§ **PROBLEM**
No pictures go in the copy. Restate, word for word, each line from the one containing "High Waist Women's" through the last line below.
───── DATA EXTRACTS
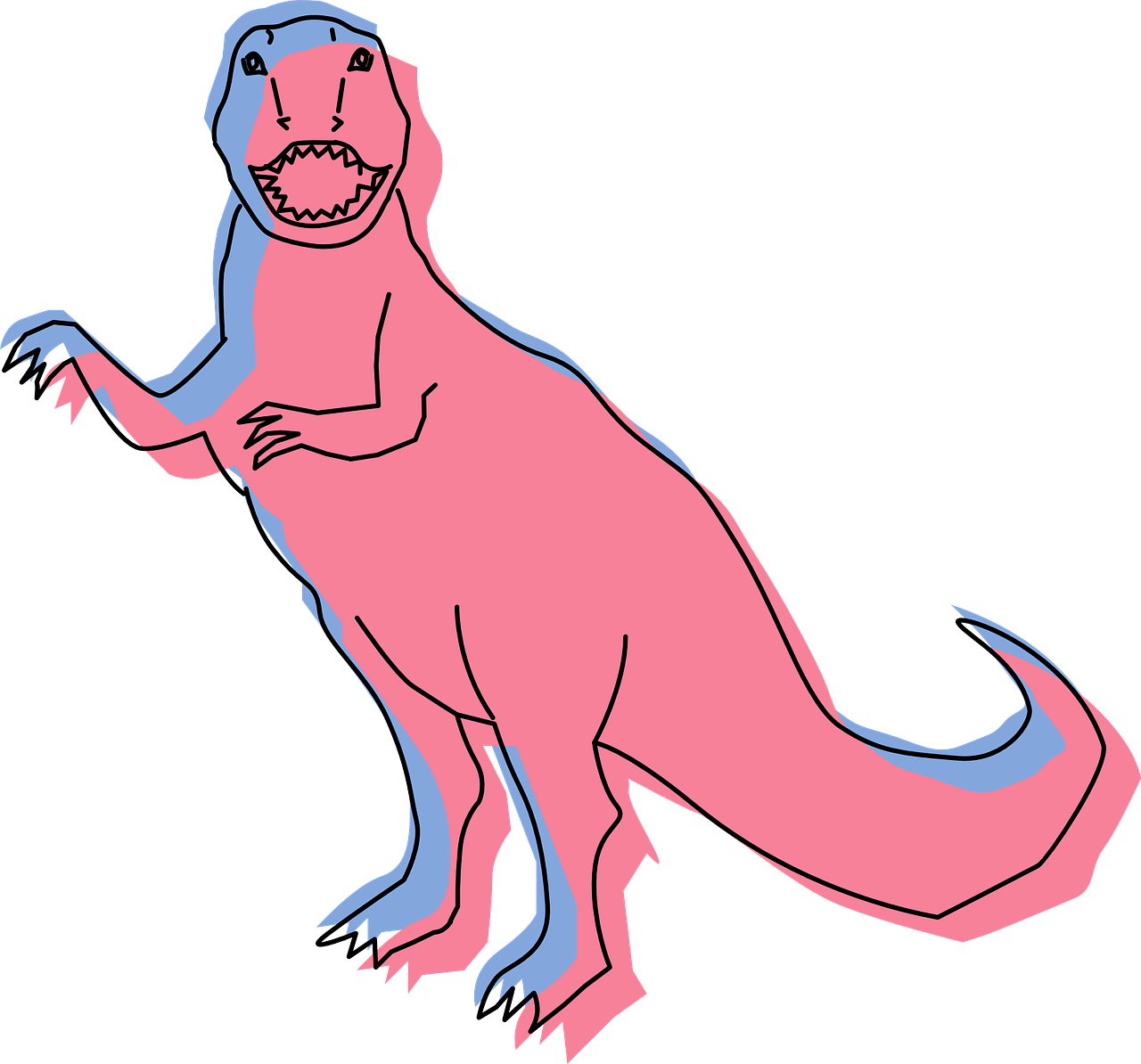 Image Free Stock Dinosaur Pink Cute Animal Free Pnglogocoloring - Pink And Blue Dinosaur (771x720), Png Download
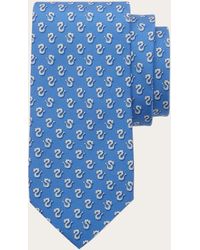 Ferragamo - Hommes Cravate En Soie Imprimé Dragon Bleu - Lyst
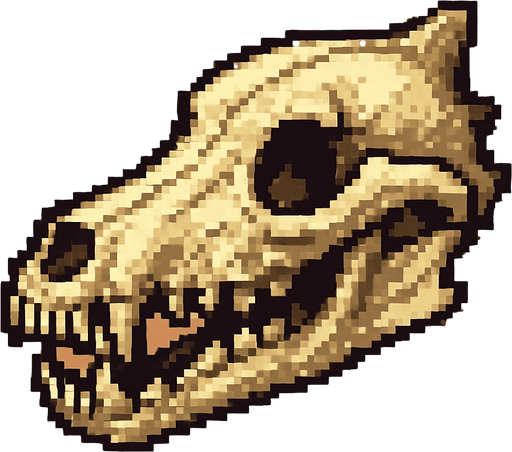 2d pixel art high quality wold skull.
In-Game asset.  2d.  High contrast.  No shadows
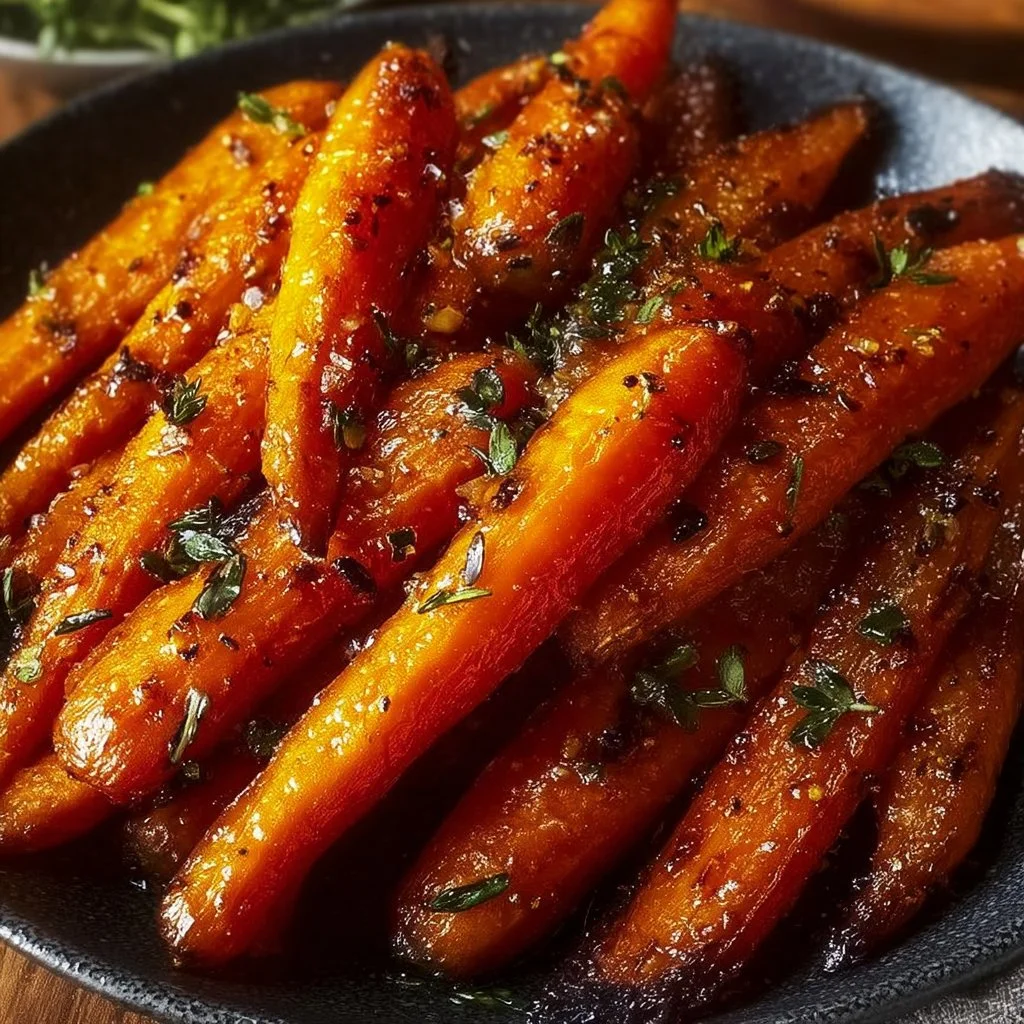 Honey Garlic Butter Roasted Carrots That Will Wow Your Guests 1 Delicious honey garlic butter roasted carrots on a serving platter
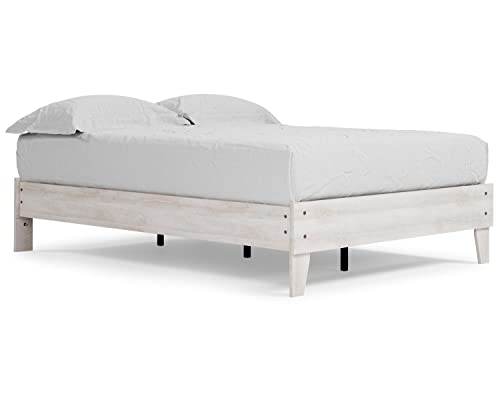 Signature Design by Ashley Shawburn Modern Farmhouse Platform Bed, Queen, Whitewash - WoodArtSupply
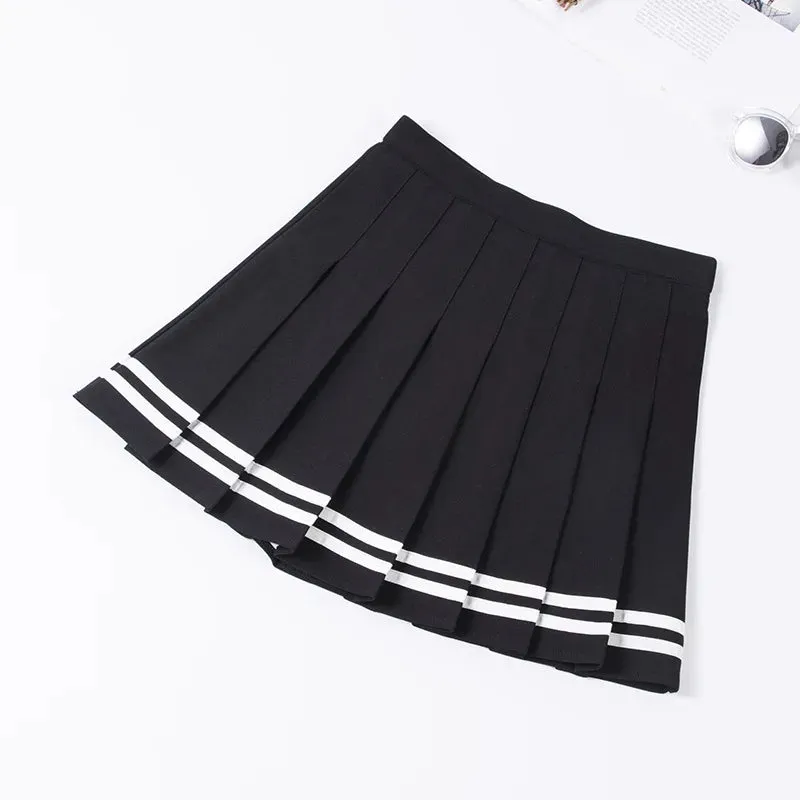 High Waist Women's Skirts Striped Pleated Elastic Waist Female Sweet Mini Dance Plaid Skirt Y2k Korean England Style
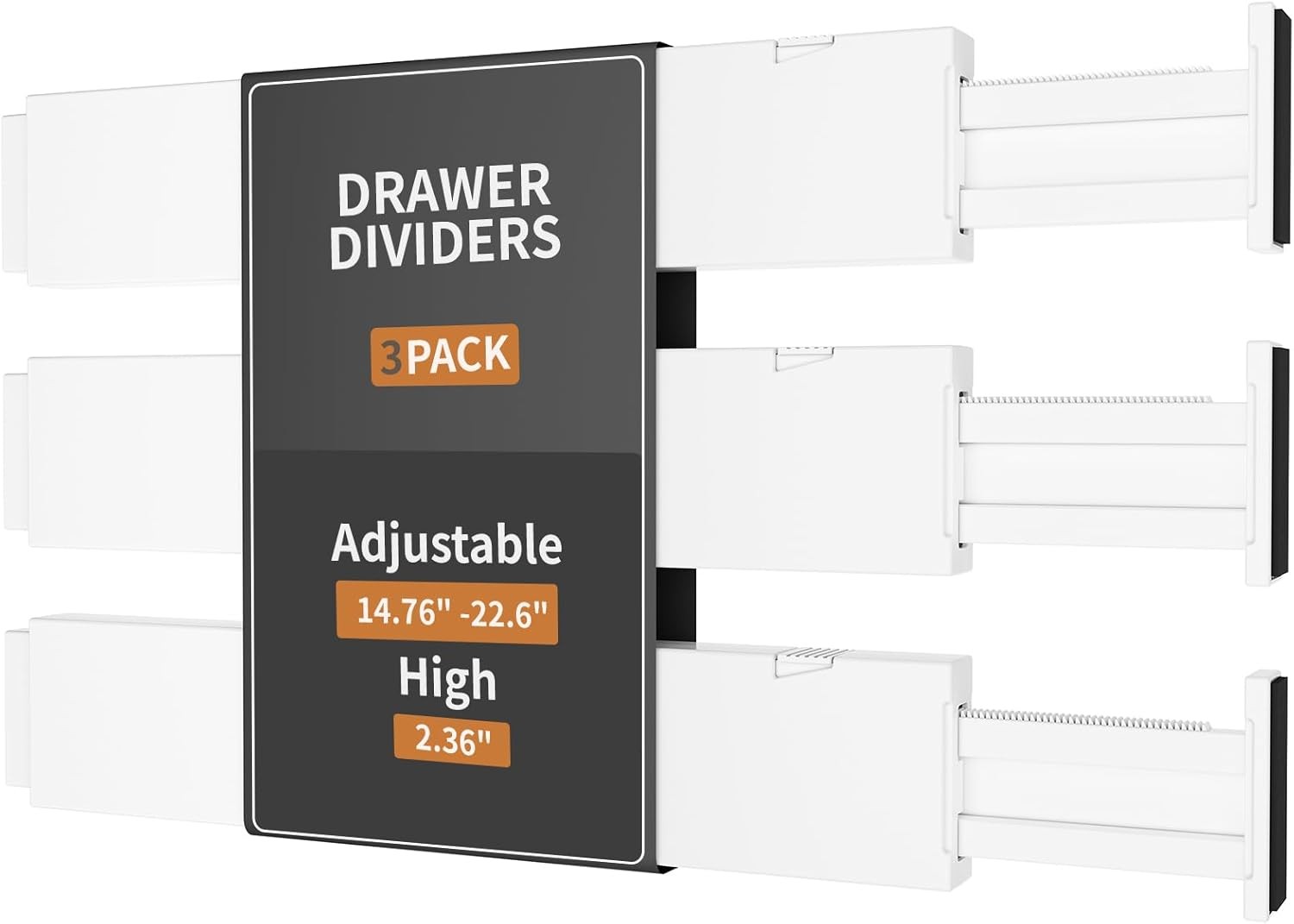 3 Pack White Drawer Dividers, 2.36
──────────
§ **EXERCISE OUTPUT**
 High Waist Women's Skirts Striped Pleated Elastic Waist Female Sweet Mini Dance Plaid Skirt Y2k Korean England Style
 3 Pack White Drawer Dividers, 2.36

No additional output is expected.